## [Entries supplied]
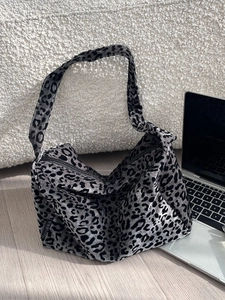 Retro leopard print hobo bag in soft black and grey fabric for stylish daily commute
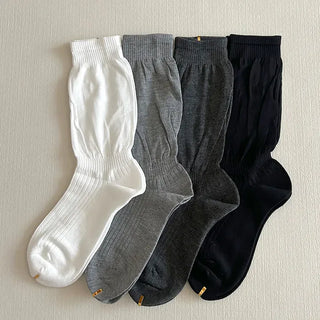 Length Summer See-through Knee Socks Ribbed Cotton Socks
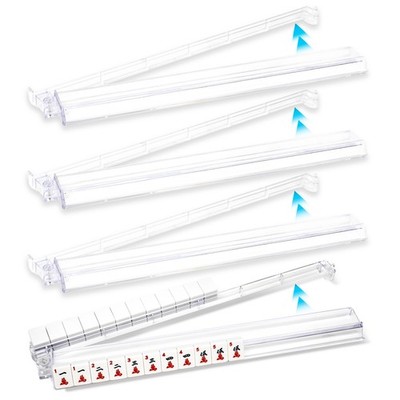 4 Pack Acrylic Mahjong Racks with Pushers Combo, All-in-One Tile Pushers, Clear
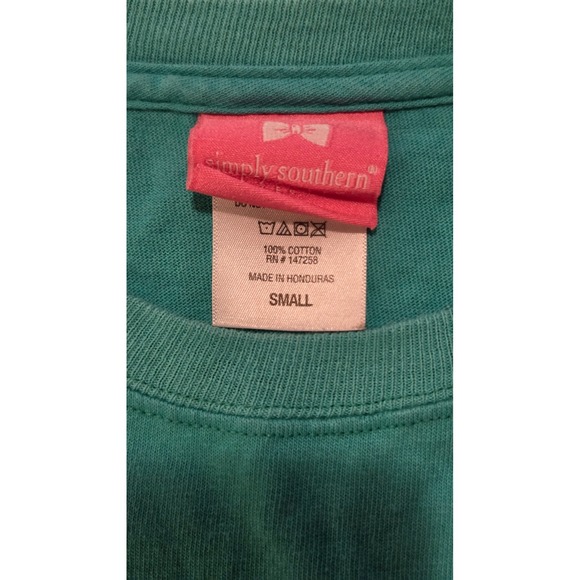 Simply Southern Long Sleeve Graphic Tee Teal Hang With My Dog Floral Small - Picture 13 of 13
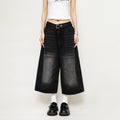 Women's American-style Retro Loose Cropped Denim Wide-leg Pants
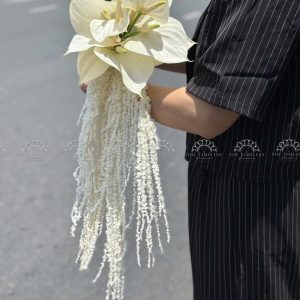 Hoa Cưới Hồng Môn Trắng mix Dền A413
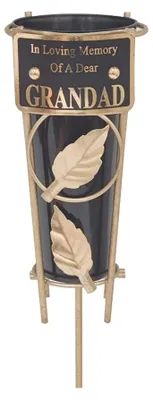 Grabvase mit Spike, schwarz, personalisiert, 35 x 10 cm, Metall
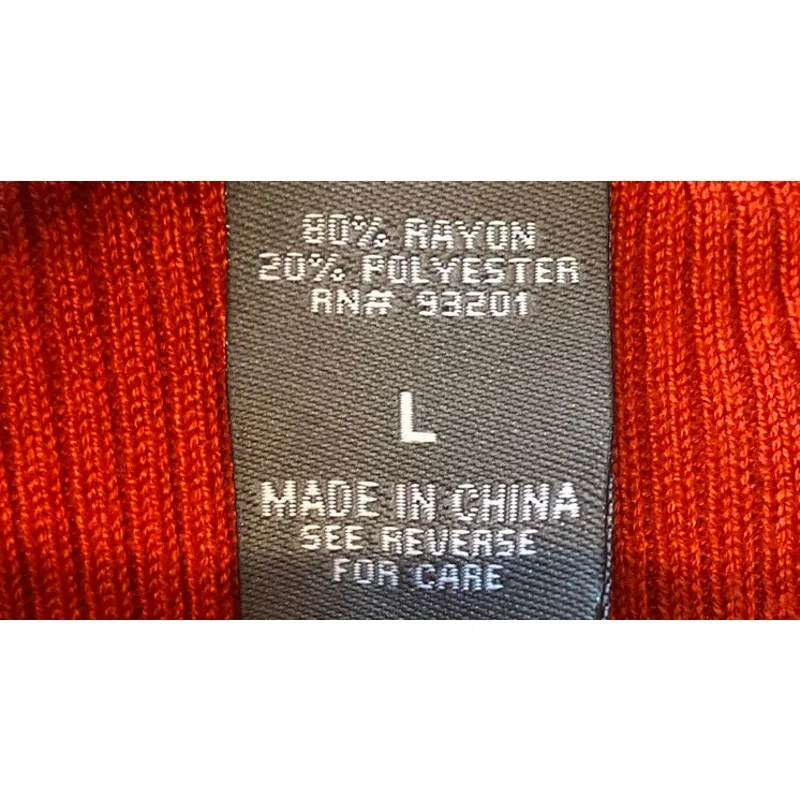 Y2K Burnt Orange Ribbed Knit V - Image 5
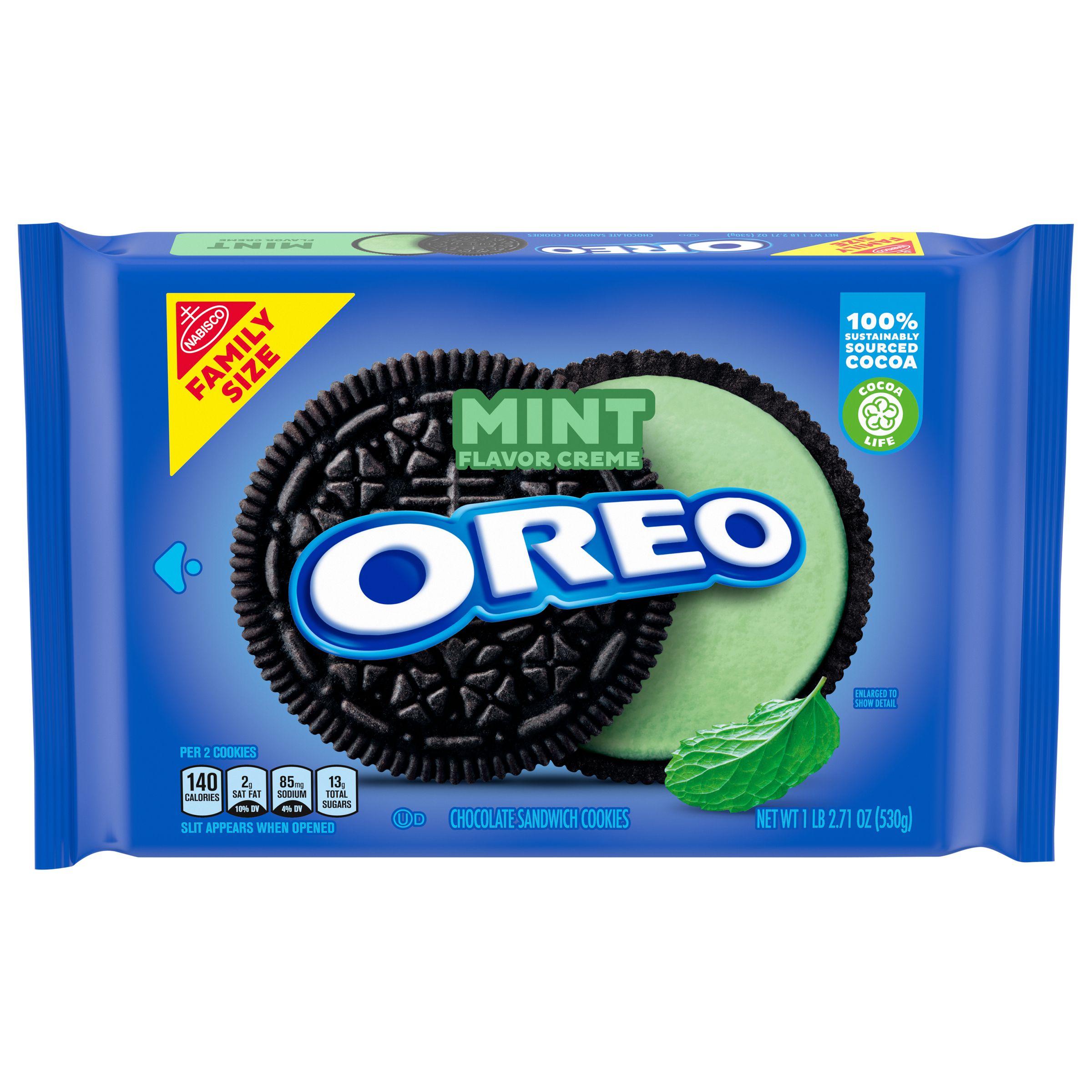 00044000060268_A1C13Fwid3D240026hei3D240026fmt3DJPEG26pathEmbed3D126printRes3D300_1WorldSync_F.jpg Oreo, Mint Flavor Creme Chocolate Sandwich Cookies Family Size, Case Of 12, 18.71 Oz - Image 1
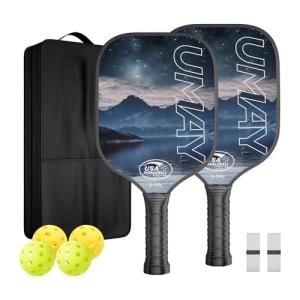 Pickleball Paddles Set of 2, USAPA Approved Fiberglass Surface Pickleball Paddle for Soft Feel & Control, Lightweight Power Rackets Set with 4 Indoor & Outdoor Balls, 2 Overgrips and a Carrying Case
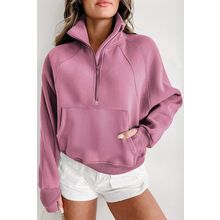 Phalaenopsis Fleece Lined Zip Up Stand Collar Thumbhole Sleeve Sweatshirt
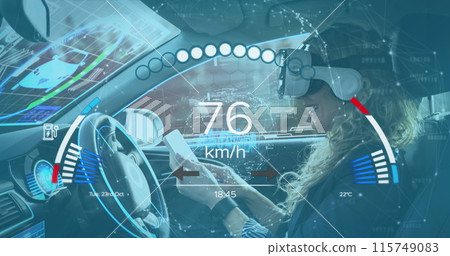 Image of car interface over caucasian woman with vr headset sitting in car Image of car interface over caucasian woman with vr headset sitting in car 115749083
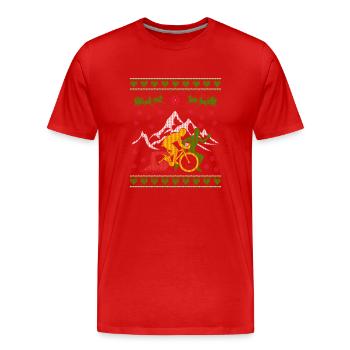 Triathlon Ugly Christmas Jumper - Männer Premium Bio T-Shirt - Rot - Vorne - Damien (186cm)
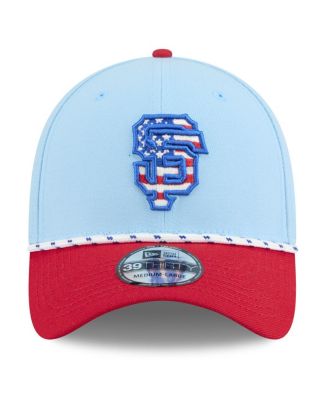 Men's Light Blue/Red San Francisco Giants 2025 Fourth of July 39THIRTY Flex Hat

## [Work task]
All that should be printed is the run of lines above from the one with "Y2K Burnt Orange Ribbed Knit V - Image 5" through the one with "Phalaenopsis Fleece Lined", both included, exactly as given, with pictures left out.

## [Exercise result]
 Y2K Burnt Orange Ribbed Knit V - Image 5
 00044000060268_A1C13Fwid3D240026hei3D240026fmt3DJPEG26pathEmbed3D126printRes3D300_1WorldSync_F.jpg Oreo, Mint Flavor Creme Chocolate Sandwich Cookies Family Size, Case Of 12, 18.71 Oz - Image 1
 Pickleball Paddles Set of 2, USAPA Approved Fiberglass Surface Pickleball Paddle for Soft Feel & Control, Lightweight Power Rackets Set with 4 Indoor & Outdoor Balls, 2 Overgrips and a Carrying Case
 Phalaenopsis Fleece Lined Zip Up Stand Collar Thumbhole Sleeve Sweatshirt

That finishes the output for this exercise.